DATASET EXCERPT ▸
Content starts

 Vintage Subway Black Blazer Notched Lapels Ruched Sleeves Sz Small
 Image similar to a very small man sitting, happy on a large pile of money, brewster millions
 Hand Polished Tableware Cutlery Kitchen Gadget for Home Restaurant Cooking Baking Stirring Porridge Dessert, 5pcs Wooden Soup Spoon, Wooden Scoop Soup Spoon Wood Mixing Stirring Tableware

Content ends

EXERCISE OBJECTIVE ▸
Each line of the data above is to be set down exactly.

THE ANSWER ▸
 Vintage Subway Black Blazer Notched Lapels Ruched Sleeves Sz Small
 Image similar to a very small man sitting, happy on a large pile of money, brewster millions
 Hand Polished Tableware Cutlery Kitchen Gadget for Home Restaurant Cooking Baking Stirring Porridge Dessert, 5pcs Wooden Soup Spoon, Wooden Scoop Soup Spoon Wood Mixing Stirring Tableware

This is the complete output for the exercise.